(Brief descriptive captions)

==============================

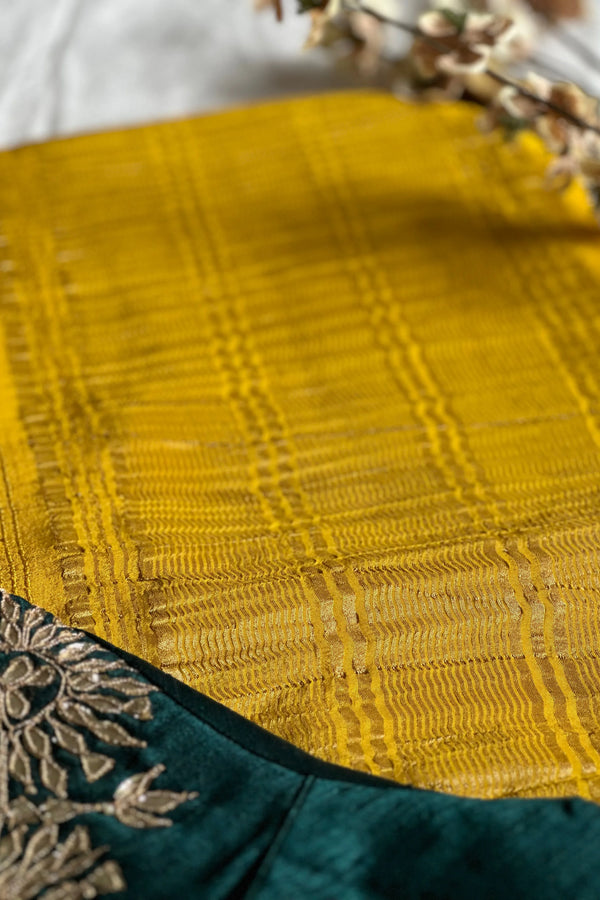 Yellow with Green Blouse Chinnon Saree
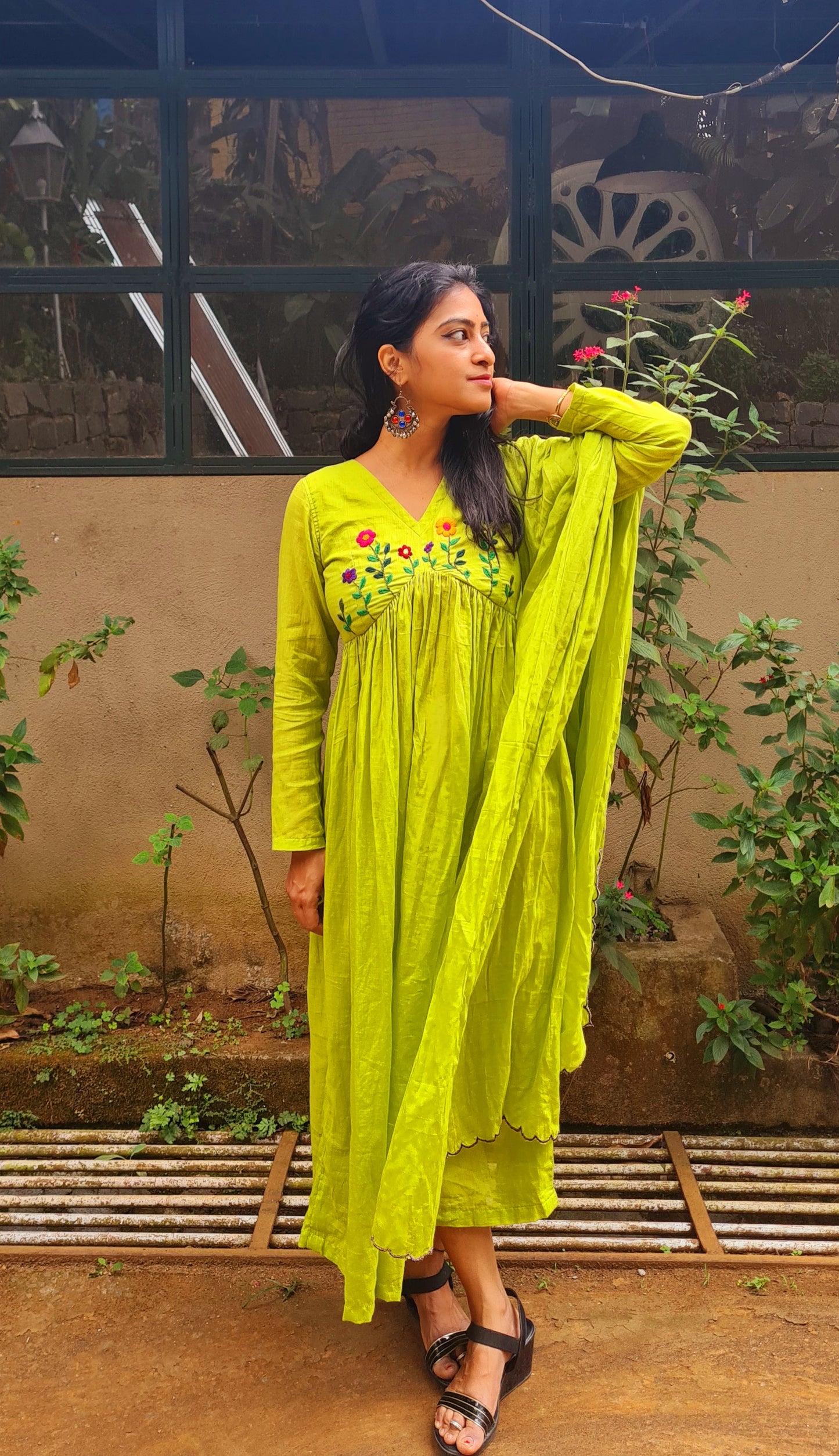 Parrot Green Alia Cut Mul Cotton Top with Dupatta | Hand Embroidery Elegance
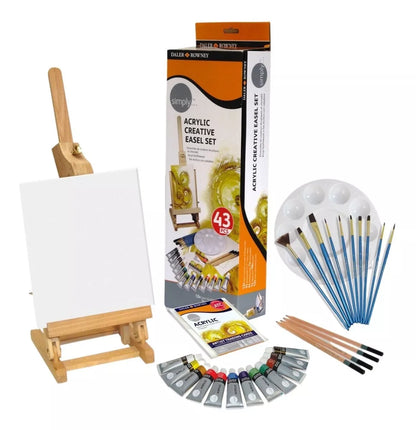 Set 43 Piezas Caballete Acrílico Daler Rowney Simply Creativo
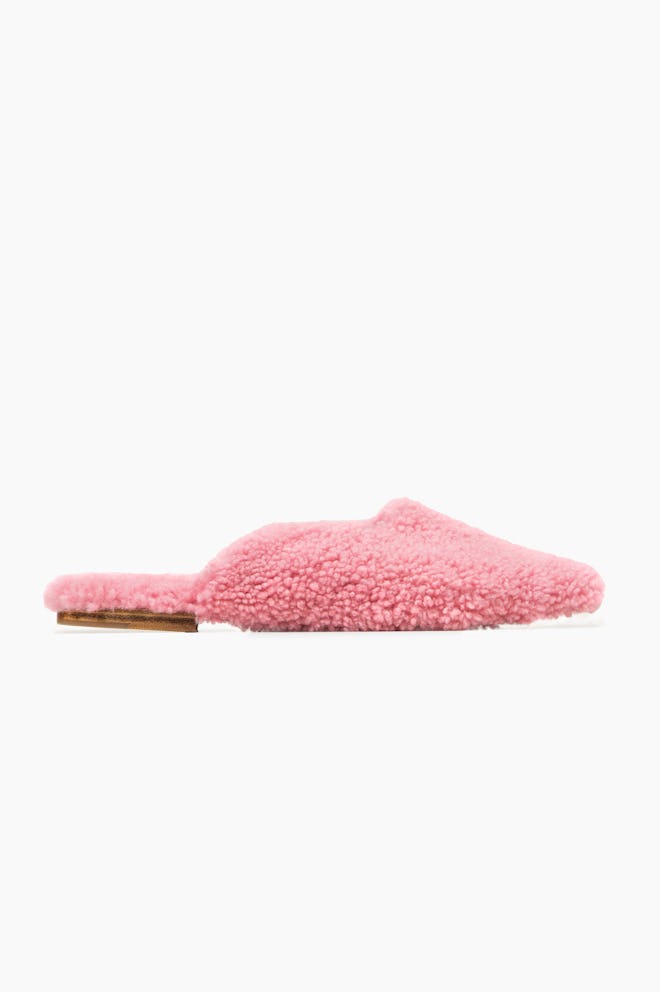 Pink Shearling Slippers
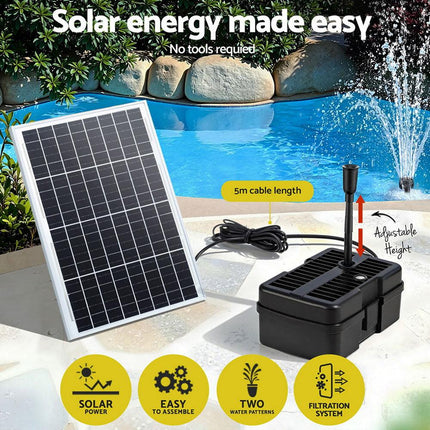 Gardeon Solar Submersible Water Pond Fountain Pump with Filter Box 6FT 1190L/H.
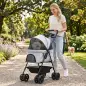 Carrito para Perros Pequeños con 4 Ruedas Freno Cesta Capota Correas de Seguridad y Ventanas 67x45x96 cm Gris Claro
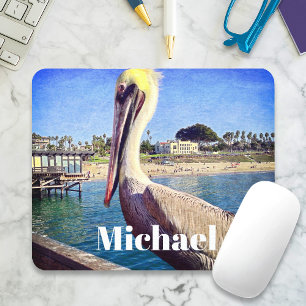 Pelikan-Vogel-Ozean-Strand-Pier-Foto Benutzerdefin Mousepad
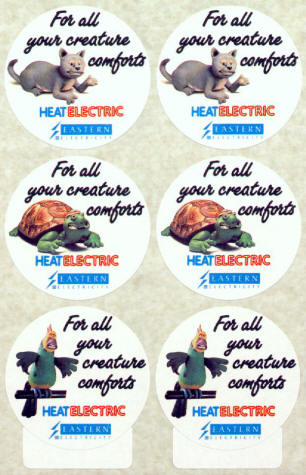 Creature Comforts Heat Electric Aardman Promo Stickers half sheet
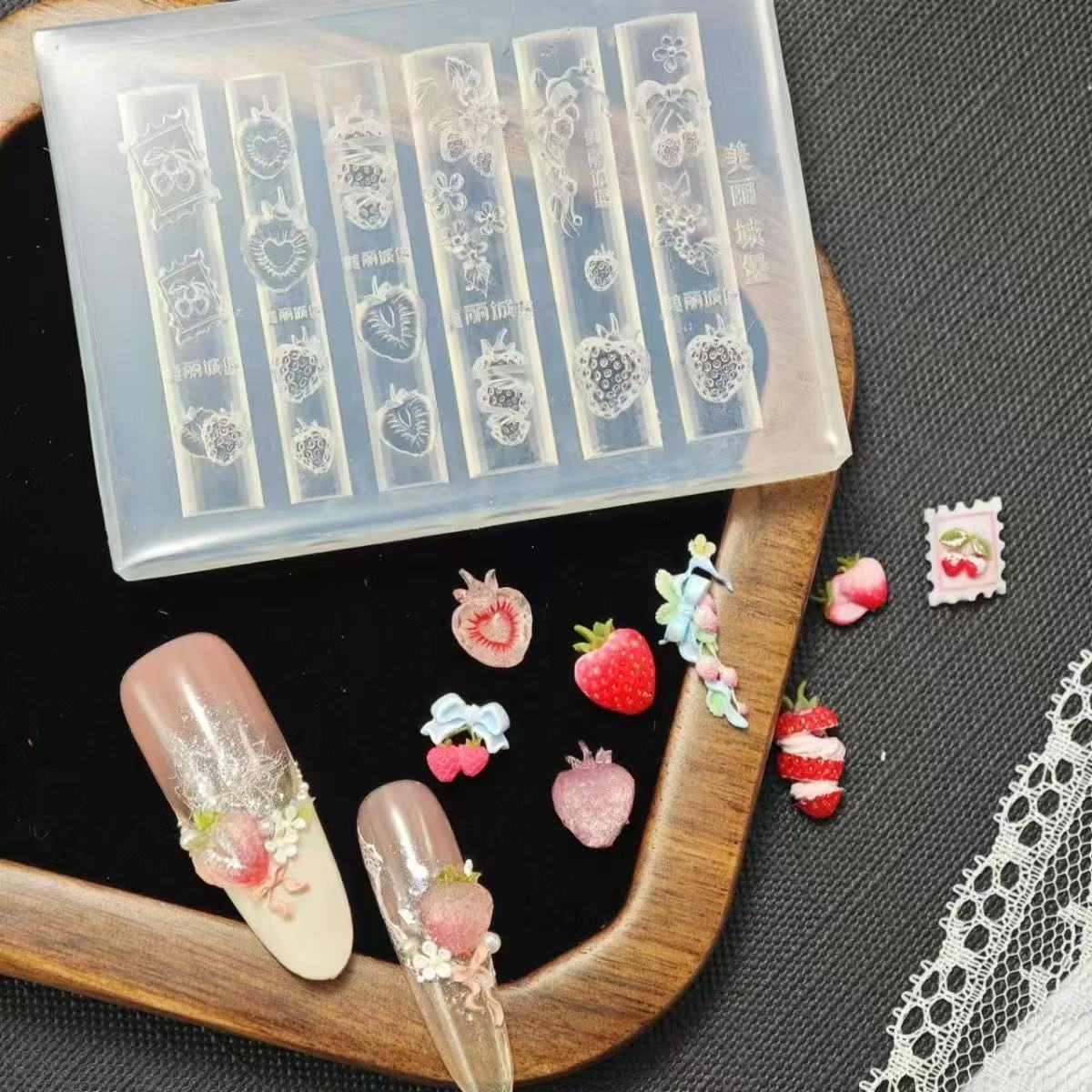 草莓美甲硅胶模具雕花五瓣花飘带模具创意diy美甲模具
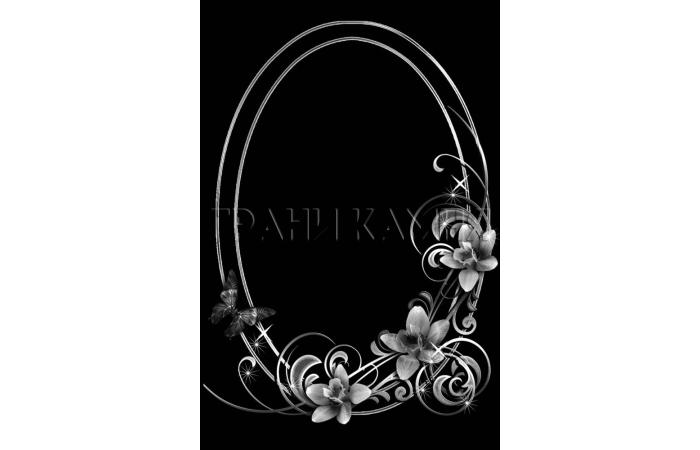 Вертикальный гранитный памятник на могилу с лилиями №351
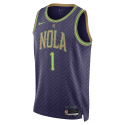 Zion Williamson #1 New Orleans Pelicans Purple City Edition-Trikot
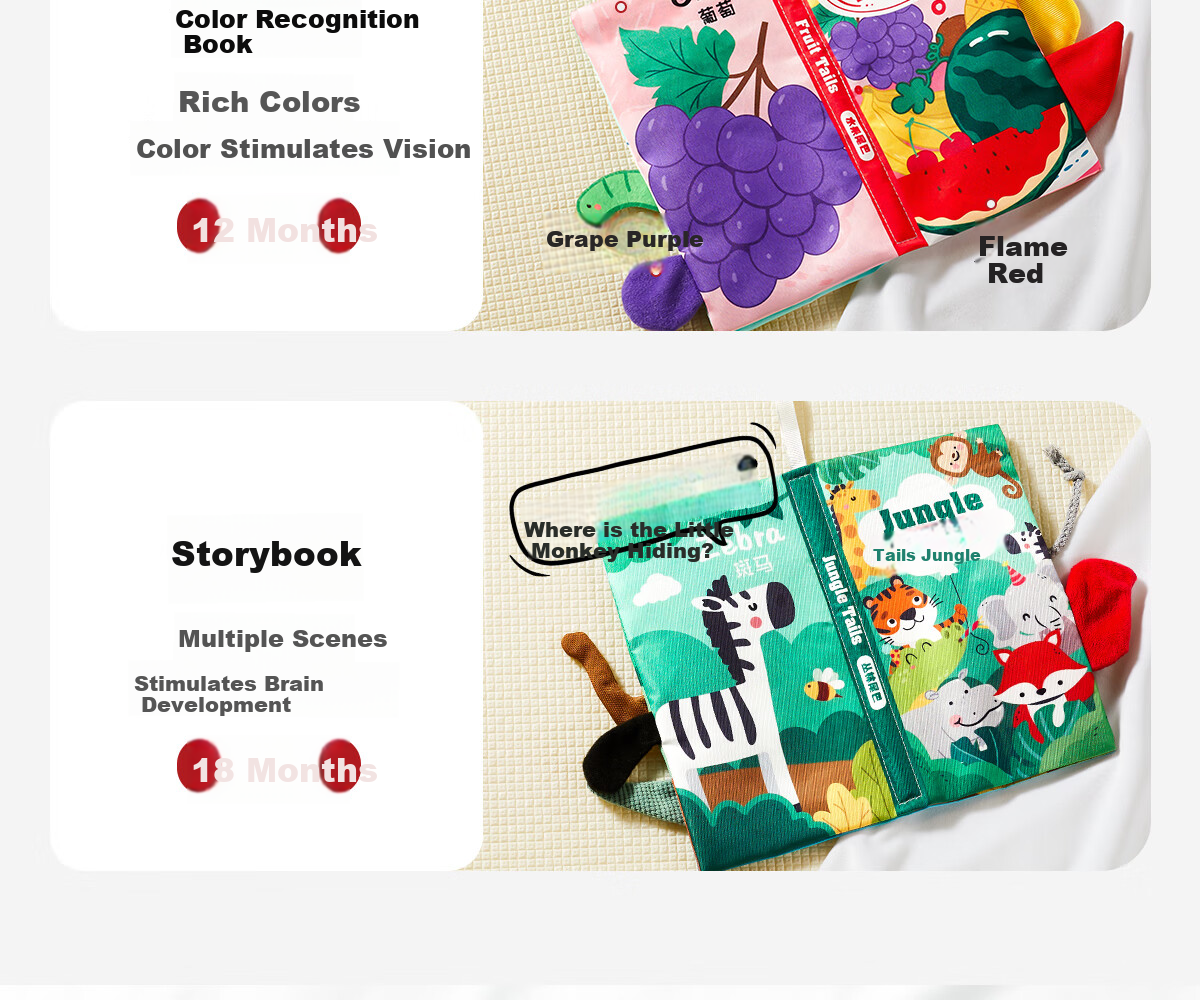 Dimoarch Early Education Cloth Book Baby Teething Washable Tear-Resistant Sound Tail Book 0-6-12 Months Children's Day Gift 4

==============================

### Problem description
In the records above, find the line with "Parrot Green Alia". Print exactly from there through the line with "Gardeon Solar Submersible", minus the pictures.

### Response for this exercise
 Parrot Green Alia Cut Mul Cotton Top with Dupatta | Hand Embroidery Elegance
 Set 43 Piezas Caballete Acrílico Daler Rowney Simply Creativo
 Pink Shearling Slippers
 Gardeon Solar Submersible Water Pond Fountain Pump with Filter Box 6FT 1190L/H.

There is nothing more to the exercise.